Meine Gedanken flogen an den Bodensee. Auch dort winkten Menschen von den Schiffen. Ich fragte mich, was Heidi und Julia gerade machten. Bei schönem Wetter, so wie heute, schwammen wir früher im See, am späten Nachmittag, wenn die meisten Touristen den Strand verlassen hatten. Oder wir segelten mit unserem Boot hinaus auf den See, angetrieben von dem Wind, der gegen Abend von den Bergen herunter strich.

Ich würde traurig aussehen, stellte Rosi fest, als sie bei mir kassierte.

Das passiere, wenn ich an Frau und Tochter denke, sagte ich.

Ob ich geschieden sei, fragte sie.

Ich nickte.

Seit ich in Passau lebte, konnte meine Stimmung innerhalb von wenigen Minuten umschlagen. Solange ich den Himbeerkuchen aß, fühlte ich mich heiter und ruhig. Dann tauchten Gedanken an Heidi und Julia auf und stimmten mich traurig.

Lang genug gesessen, sagte mein Verstand. Ich stand auf und ging den Donaukai entlang in östlicher Richtung zur Landspitze, wo der Inn in die Donau mündete. Ich liebte den Inn, der kraftvoll herbei floss und sein Wasser in die lahm strömende Donau drückte. Wie wenn sie sich nicht mögen würden, vermischten die beiden Flüsse ihr Wasser nur allmählich; noch einige hundert Meter weit sah man am rechten Ufer graues Wasser vom Inn deutlich getrennt vom olivfarbenen der Donau. Ich folgte ein gutes Stück weit dem Inn, bevor ich nach rechts abbog, hoch in die Stadt ging und weiter bis zu einem Supermarkt, in dem ich einkaufte, was ich zum Leben brauchte; heute für das Abendessen ein Lachssteak, Sahnemeerrettich, tiefgefrorenen Blattspinat und Basmati Reis, und Kirschen für den Nachtisch.

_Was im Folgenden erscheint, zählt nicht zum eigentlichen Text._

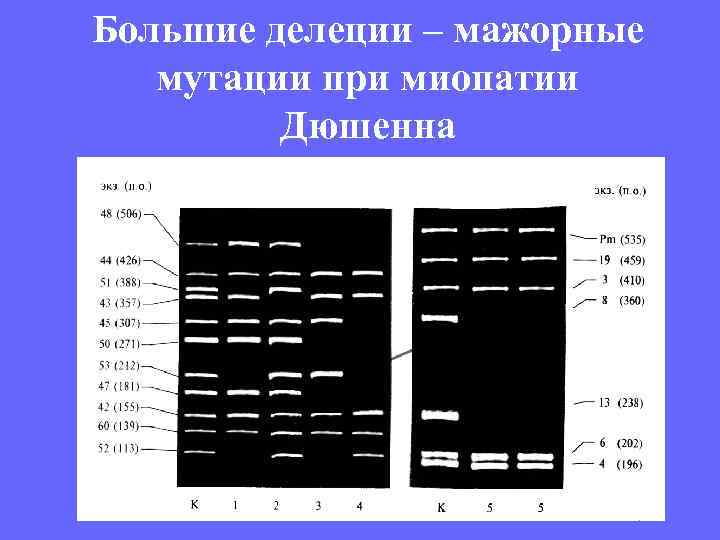Большие делеции – мажорные мутации при миопатии Дюшенна 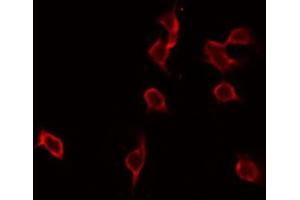 ABIN6276930 staining NIH-3T3 by IF/ICC. (GLB1 Antikörper  (Internal Region))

Während der Lachs im Backofen garte, der Spinat auftaute und der Reis in Salzwasser kochte, klingelte mein Telefon. Meine Schwester rief an und erkundigte sich, wie es mir geht. Das tat sie alle zwei Wochen. Weil meine Antwort, „es geht so“, melancholisch rüber kam, versuchte sie mich mit einer skurrilen Geschichte aufzuheitern:

„In Tübingen befreite die Feuerwehr einen jungen Mann aus einer Vulva.“ An dieser Stelle wartete sie ein paar Sekunden, bevor sie fortfuhr: „Aus einer in Stein gehauenen Vulva, die als Kunstwerk vor dem Mikrobiologischen Institut steht. Der Typ ist darauf herum geklettert, dabei mit den Beinen in den Schlitz gerutscht und darin stecken geblieben.“

Ich lachte, und sie lachte mit mir.

„Woher weißt du das?“, fragte ich, „du bist doch schon lange weg von Tübingen.“

„Von Diddi, einer Studienfreundin, die als Chemielehrerin in Tübingen Wurzeln schlug. Von ihr erfahre ich Jahr für Jahr, was es Neues in Tübingen gibt.“

„Das ist schön“, sagte ich.

„Bist du in den nächsten Tagen zuhause?“, fragte sie.

„Ja, warum?“

„Ich fahre zur Erholung nach Bad Füssing und will….“

Mit dem Wort „super“ unterbrach ich sie. „Von dort ist es nicht weit nach Passau. Weißt du schon, wann du kommst?“

„Am Samstag, ich werde dich von Bad Füssing aus noch einmal anrufen.“

„Ich freue mich“, sagte ich. „Bis bald.“

„Ja, bis bald“, hörte ich von ihr; dann noch den Nachsatz: „Pass auf dich auf.“

Ein bisschen aufgekratzt von dem Gespräch gab ich meinem Abendessen den letzten Schliff, siebte den Reis ab, würzte den Spinat mit Kräutersalz, strich Sahnemeerrettich auf das Lachssteak und wusch die Kirschen in warmem Salzwasser. Mit einem vollen Teller und einem Glas Spätburgunder setzte ich mich an meinen Esstisch. Als Tischmusik wählte ich ein Violinkonzert von Mozart. Ein leckeres Essen und göttliche Musik, mehr konnte ich nicht wollen.